The unique constraint is the main guardrail:

same pipeline + same trigger key + same scope = same run intent

Do not dedupe only by event ID if different events can request the same logical run.

6. Idempotent Run Creation

Run creation must be idempotent.

If the orchestrator receives the same trigger twice, it should return the same run or record that the run already exists.

public final class RunCreationService {
    private final TriggerLedger triggerLedger;
    private final RunRepository runRepository;

    public RunCreationResult accept(TriggerEvent event) {
        TriggerKey key = TriggerKey.from(event);
        RunScope scope = scopeResolver.resolve(event);
        String scopeHash = ScopeHasher.hash(scope);

        return transaction.execute(() -> {
            Optional<TriggerRecord> existing = triggerLedger.find(event.pipelineName(), key, scopeHash);
            if (existing.isPresent()) {
                return RunCreationResult.alreadyKnown(existing.get().acceptedRunId());
            }

            PipelineRunManifest manifest = manifestFactory.create(event, scope);
            runRepository.insert(manifest);
            triggerLedger.insertAccepted(event, key, scopeHash, manifest.runId());

            return RunCreationResult.created(manifest.runId());
        });
    }
}

The transaction boundary is important:

insert run manifest + record accepted trigger = one atomic decision

If you create the run but fail to record the trigger, duplicate runs become possible.

If you record the trigger but fail to create the run, the trigger may be lost.

7. Readiness Checks

A trigger says a run might be needed.

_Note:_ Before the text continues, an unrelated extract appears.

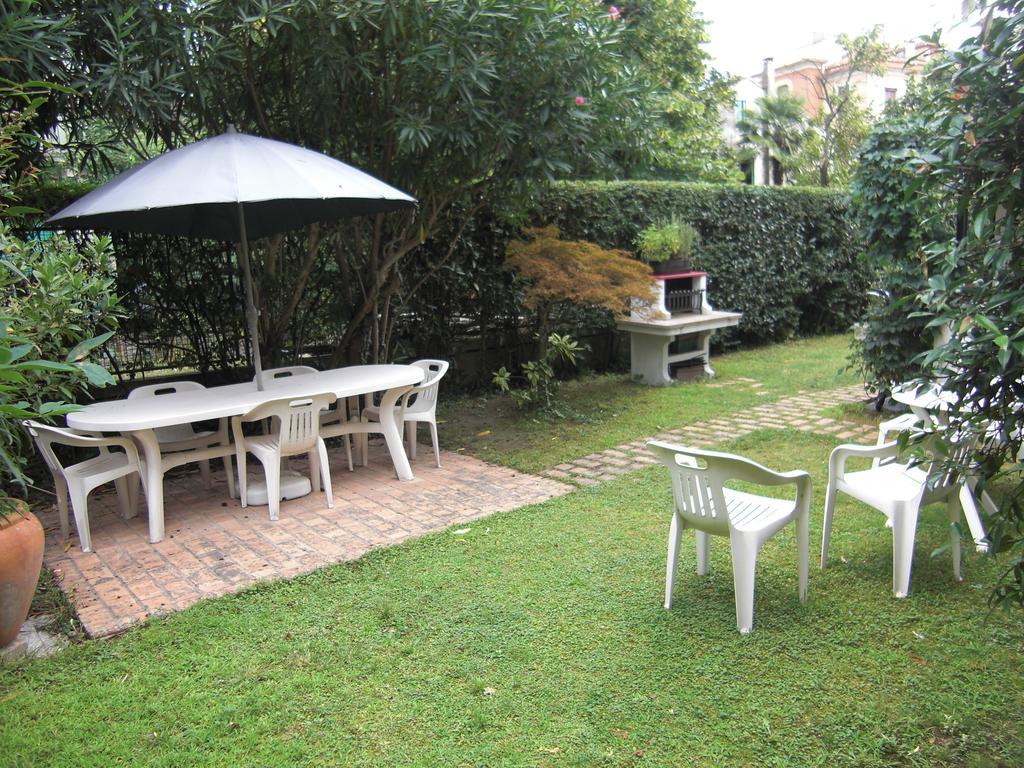 B&B Castellani Lido di Venezia Exterior photo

A readiness check says whether the run is safe to execute.

Readiness examples:

Source	Readiness check
File	manifest exists, checksum valid, file stable, marker file present
API	upstream export status says complete, cursor window closed
Database snapshot	snapshot watermark captured, row count stable
Kafka	source offset checkpoint reached, lag below threshold
Iceberg table	required snapshot published, quality gate passed
Reference data	required version active for interval

Readiness should return structured result, not boolean.

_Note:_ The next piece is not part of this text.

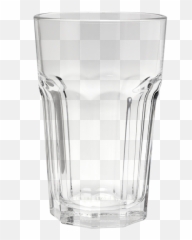 Glass Water Isolated - Emoji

public sealed interface ReadinessResult {
    record Ready(Map<String, String> inputVersions) implements ReadinessResult {}
    record Waiting(String reason, Instant retryAfter) implements ReadinessResult {}
    record Blocked(String reason, String incidentId) implements ReadinessResult {}
}

This lets the control plane distinguish:

not ready yet
impossible without manual action
ready with specific input versions

A common mistake is turning readiness into a retry loop inside the data job. That hides control state inside a worker process.

Prefer:

Orchestrator evaluates readiness.
Java job processes a declared input scope.
Java job does not silently wait forever for missing dependencies.

8. Trigger-to-Run State Machine

A trigger should move through explicit states.

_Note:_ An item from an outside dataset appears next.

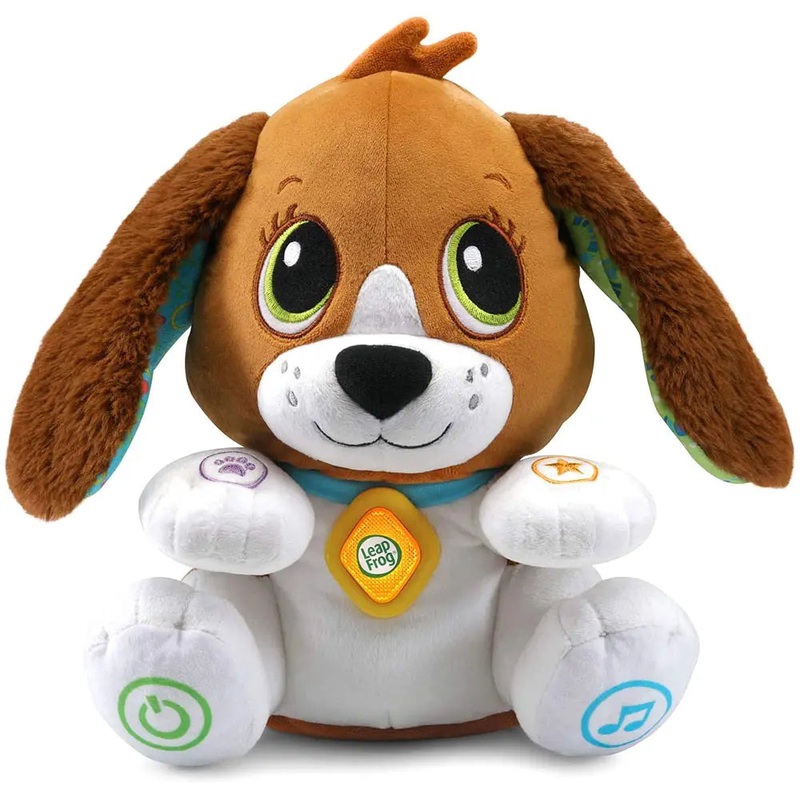 Leapfrog Speak And Learn Puppy B/O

Each transition should be recorded.

Why?

Because six months later, someone may ask:

Why was the enforcement SLA report for 2026-03-17 published late?

A mature platform can answer:

The scheduled trigger was observed at 02:00.
The source CDC asset was not ready until 02:47 because connector lag exceeded threshold.
Run was accepted at 02:49 with source offset X.
Output passed validation at 03:11.
Publication happened at 03:13.
Freshness SLA was missed by 13 minutes.
Incident INC-123 was attached.

That answer cannot be reconstructed from plain logs reliably.

9. Cron + Catchup + Backfill

Cron scheduling creates recurring run opportunities. Catchup decides whether missed intervals should be created later.

Example:

Pipeline disabled for 3 days.
Daily schedule exists.
When re-enabled, should the platform create 3 missing runs?

The answer depends on the pipeline type.

Pipeline	Catchup?	Reason
Daily financial/regulatory snapshot	Yes	Every interval matters
Latest dashboard refresh	Maybe no	Only current state matters
Search index rebuild	No, usually	Old rebuilds are irrelevant
Hourly aggregate fact table	Usually yes	Missing intervals cause gaps
External partner export	Carefully	Duplicate exports may be harmful

Backfill is not "turn on catchup and hope".

Backfill should create explicit run manifests:

backfill_id = bf_20260704_001
pipeline = case_daily_snapshot
intervals = 2026-06-01..2026-06-30
transform_version = 2.4.1
mode = staged_no_publish_until_validation
requested_by = alice
approval = CHG-1234

A backfill run should be distinguishable from a normal scheduled run.

public enum RunMode {
    NORMAL,
    CATCHUP,
    BACKFILL,
    REPLAY,
    CORRECTION,
    DRY_RUN,
    SHADOW
}

This matters because metrics, alerting, cost limits, and publication rules may differ.

10. Event Trigger Debounce and Coalescing

Event-driven triggers can be too noisy.

Example:

10,000 files arrive for one dataset partition.
Each object-created notification triggers a DAG.
The platform creates 10,000 runs.
Most runs fail or duplicate work.

Use debounce or coalescing.

Debounce

Wait for a quiet period before creating a run.

If no new file event for partition D arrives for 5 minutes, evaluate readiness.

Coalescing

Merge many events into one run scope.

All file events for dataset X and partition D become one ingestion run.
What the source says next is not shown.